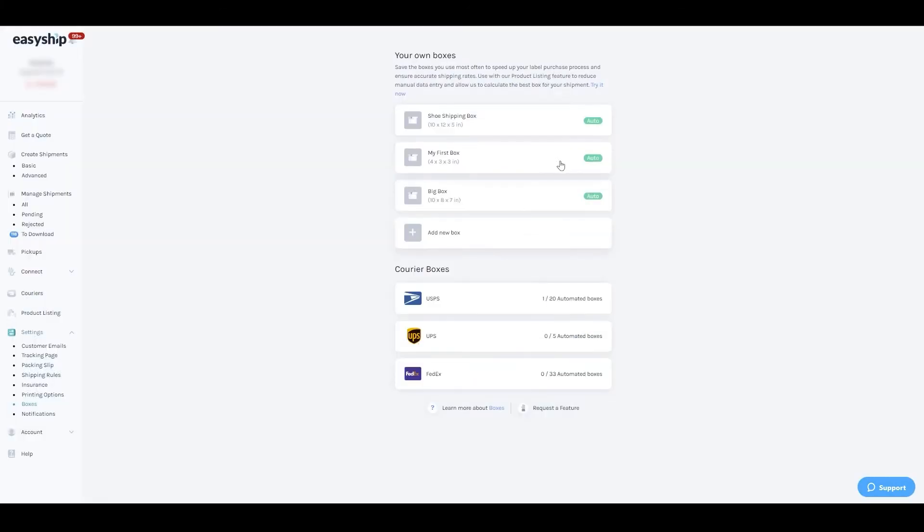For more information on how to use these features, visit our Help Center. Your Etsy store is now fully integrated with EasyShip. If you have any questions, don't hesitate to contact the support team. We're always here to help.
...
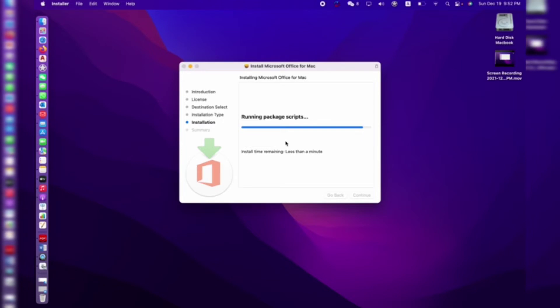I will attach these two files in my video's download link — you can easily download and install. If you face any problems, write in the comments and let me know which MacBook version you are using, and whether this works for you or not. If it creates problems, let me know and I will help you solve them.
...
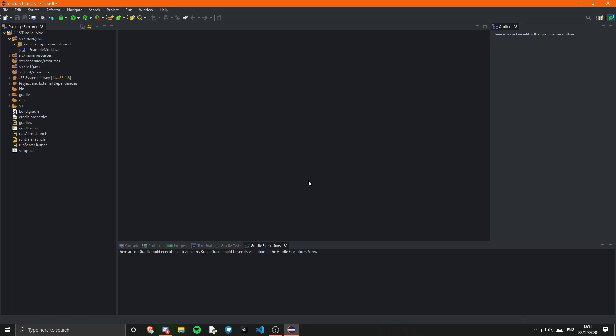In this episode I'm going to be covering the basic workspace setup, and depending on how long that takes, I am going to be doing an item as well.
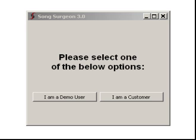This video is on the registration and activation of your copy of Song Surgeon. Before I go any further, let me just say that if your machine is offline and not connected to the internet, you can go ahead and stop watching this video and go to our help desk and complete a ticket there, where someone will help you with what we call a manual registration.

§ **Your instructions**:
In the entries above, find the line containing "In this episode" and the line containing "This video is"; give again exactly those two lines and every line between them, minus the pictures.

§ **Task result**:
In this episode I'm going to be covering the basic workspace setup, and depending on how long that takes, I am going to be doing an item as well.
This video is on the registration and activation of your copy of Song Surgeon. Before I go any further, let me just say that if your machine is offline and not connected to the internet, you can go ahead and stop watching this video and go to our help desk and complete a ticket there, where someone will help you with what we call a manual registration.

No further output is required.